TAIPEI -- Huawei Technologies on Monday launched its latest foldable smartphone as the embattled Chinese tech giant attempts to show its innovative edge remains intact despite a crippling U.S. crackdown.
The debut of the new phone -- dubbed the Mate X2 -- comes just days after Nikkei revealed Huawei will halve its smartphone production this year due to Washington's trade restrictions, which have cut the company off almost completely from its global suppliers since last September.
Unlike Huawei's previous foldable phones, which fold backward so the screen wraps around the outside, like the cover of a book, the Mate X2 folds inward, a style that is more difficult to manufacture. Chinese display champion BOE Technology is the main supplier of these flexible screens for Huawei's foldable phone.
The Mate X2 will have two screens. When folded, a 6.45-inch outer screen functions as the main display. When unfolded, the phone becomes an 8.01-inch tablet as little as 4.4 mm thick. The previous generations of the Mate X were 5.4 mm.
The second and third rounds of the U.S. crackdown have "made our operation[s] extremely difficult ... but thanks to our channel partners and our consumers ... we survived in 2020," Richard Yu, Huawei's consumer electronics business CEO, said in a prerecorded online launch event.

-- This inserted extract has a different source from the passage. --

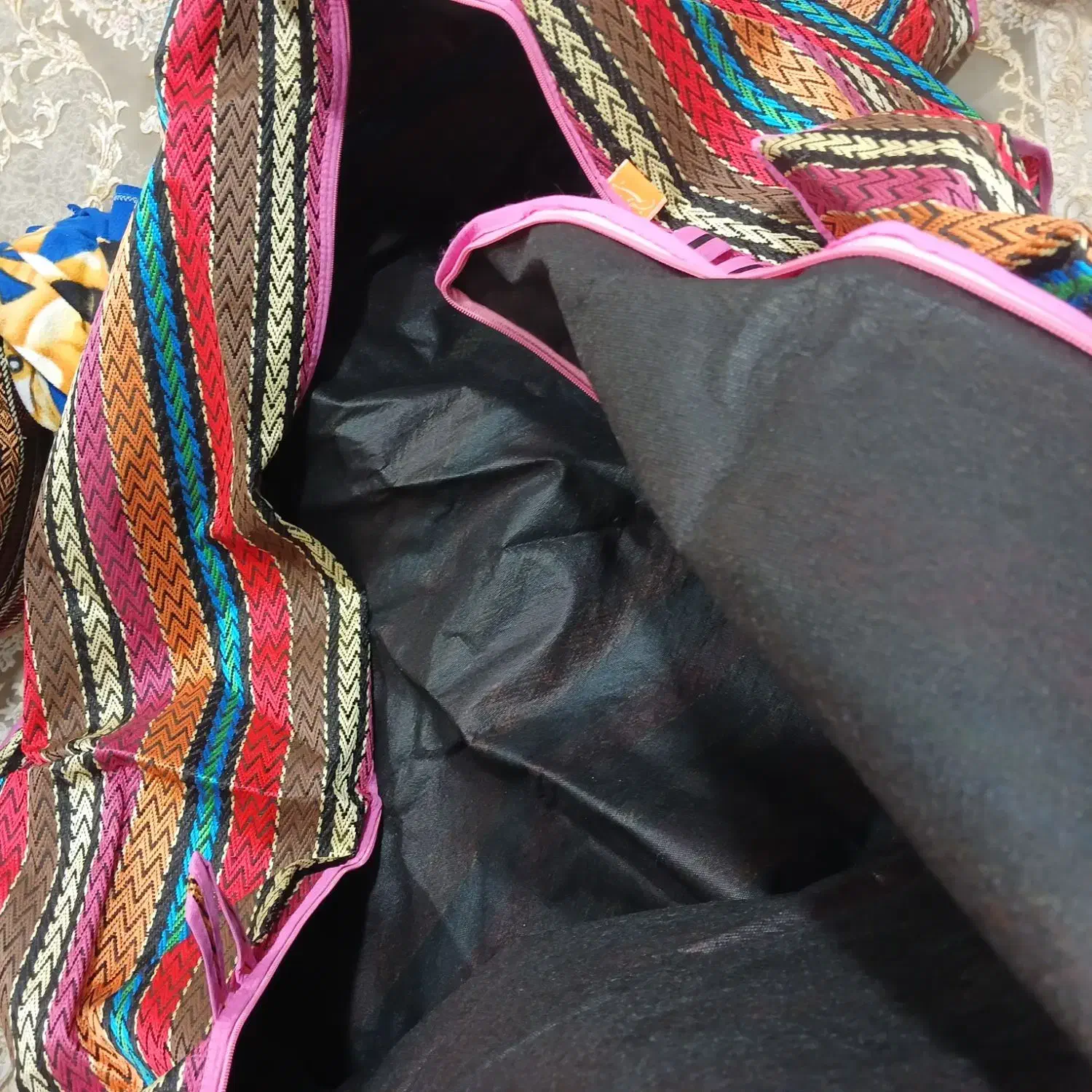 کیف بزرگ لحاف تشک|رختخواب، بالش، پتو|ارومیه, |دیوار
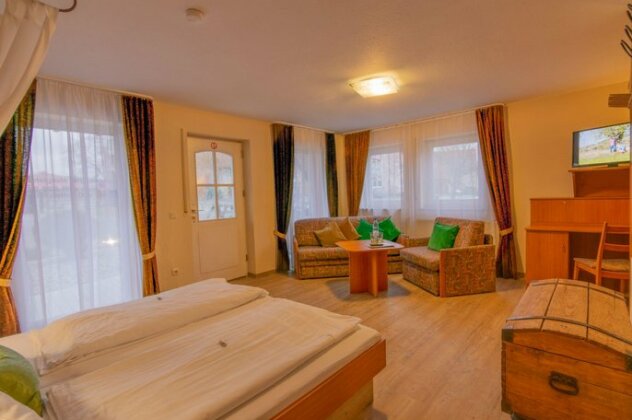 Landhotel Drei Lilien - Photo3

The Mate X2 will begin selling from Thursday with a starting price of 17,999 yuan ($2,785). Yu said the company has tried to ramp up production capacity to meet customer demand.

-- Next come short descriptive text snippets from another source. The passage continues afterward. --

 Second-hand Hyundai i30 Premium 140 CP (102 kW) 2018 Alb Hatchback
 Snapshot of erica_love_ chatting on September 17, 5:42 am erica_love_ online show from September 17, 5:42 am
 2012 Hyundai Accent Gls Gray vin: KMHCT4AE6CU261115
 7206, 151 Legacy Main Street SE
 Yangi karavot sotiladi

The new phone is powered by the company's 5G-capable Kirin 9000 mobile processor, which was manufactured by Taiwan Semiconductor Manufacturing Co. until U.S. sanctions put a halt to such shipments last September.

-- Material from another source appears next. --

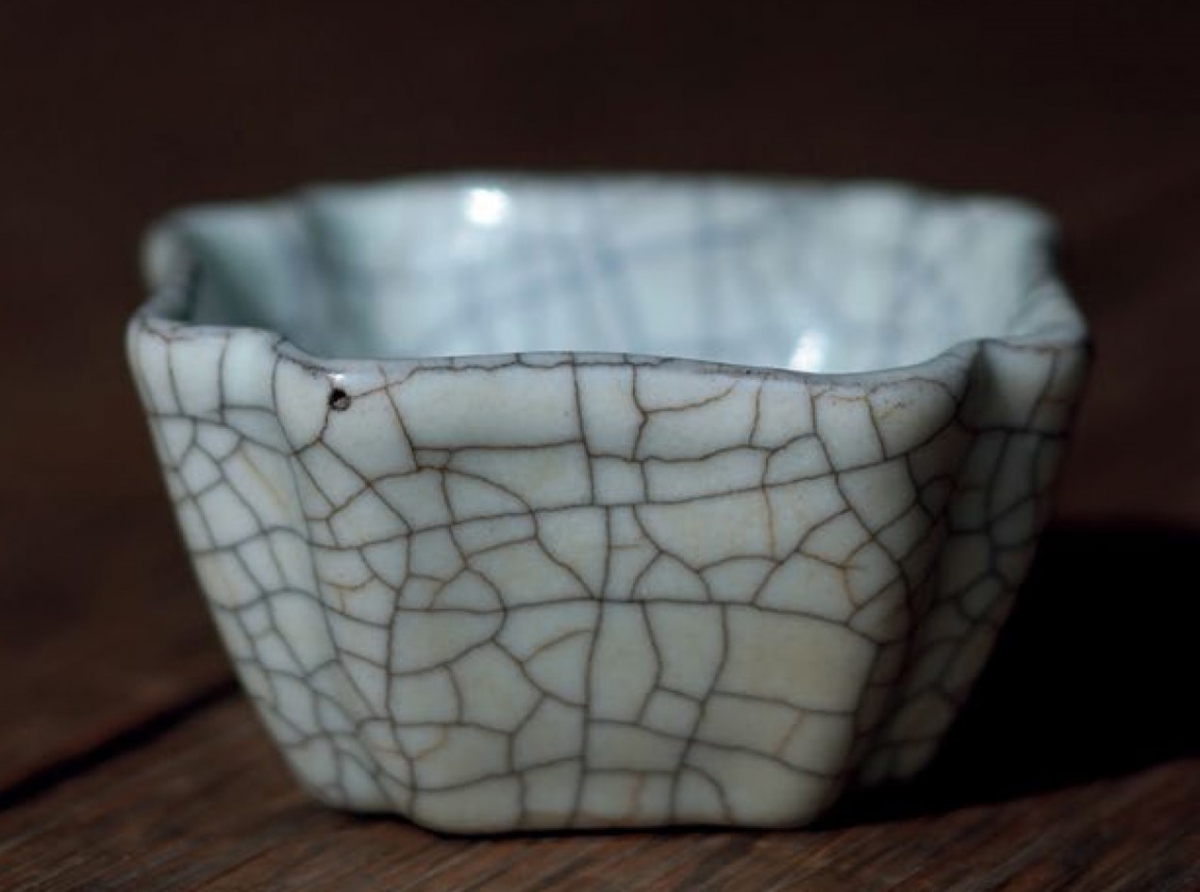 [北京保利] 元 哥窑倭角方洗 2645万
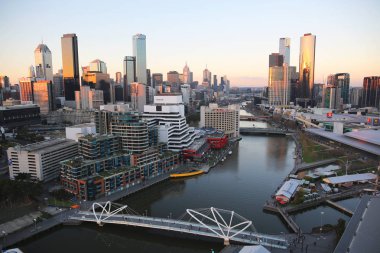 Yukarıdan alacakaranlıkta manzarası Melbourne, Avustralya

Huawei was able to stockpile some 20 million Kirin 9000 5G chipsets before losing access to its global suppliers, sources told Nikkei Asia. Washington began imposing export controls and other restrictions on Huawei in 2019, alleging the company poses a threat to national security.
Yu has previously said that unless the U.S. ban is eased and Huawei can regain access to TSMC, its former key contract chipmaking partner, this generation of the Kirin chipset will be the last.
The Kirin 9000 is also used in Huawei's 5G-capable Mate 40, released last October to take on Apple's first-ever 5G-powered iPhones. Huawei shipped about 5 million Mate 40 handsets in 2020 and could ship around 8 million throughout the life cycle, according to Jeff Pu, an analyst of GF Securities, compared with its previous Mate series, which could ship up to 15 million units.
Overall, Huawei's smartphone shipments fell 42% on the year to 32.3 million units in October-December, dragging the company to fifth place globally, after Apple, Samsung and compatriots Xiaomi and Oppo. For all of 2020, Huawei was still the world's No. 3 smartphone maker, shipping 189 million smartphones, or 21.5% fewer than the year before. The Chinese tech champion even sold its budget handset line Honor last November to help the smartphone business avoid U.S. restrictions and regain access to vital components and supply chain support.
From April, the Mate X2 -- along with the company's existing smartphones -- will be updated to run on Huawei's HarmonyOS, which the company has been aggressively developing since losing access to the Google Android operating system, Yu said.
Huawei Mobile Services, the company's own version of Google Mobile Services, now has more than 580 million active users, he added.
Like Huawei's previous foldable phones, this latest version is only available in the Chinese market.
Samsung, the world's biggest smartphone maker last year, introduced its first foldable phone in 2019 -- the same year as Huawei -- and has already introduced several new versions since. These include the Galaxy Z Fold series, which folds like a book, and the Galaxy Z Flip series, which bends like a flip phone.
Both companies had high hopes that foldable phones would help revive the maturing smartphone market and demonstrate their technology capabilities. However, only 1.9 million foldable smartphones were shipped in 2020, with Samsung and Huawei accounting for 72% and 11%, respectively, according to IDC. Overall, 1.29 billion smartphones were shipped last year.
Huawei's previous foldable phones -- the Mate X and Mate Xs -- are available only in China and in limited quantities.
Meanwhile it is still not clear whether Huawei will be able to introduce its latest P series phone in the first half of the year as it usually does to compete against Samsung's premium S series. The Mate series, a nonfoldable phone distinct from the Mate X line, is generally released in the second half of the year to take on the iPhone.
Samsung has already launched its latest S21 5G smartphone in January, and Xiaomi introduced its latest flagship handset, the Mi 11 series, in late December.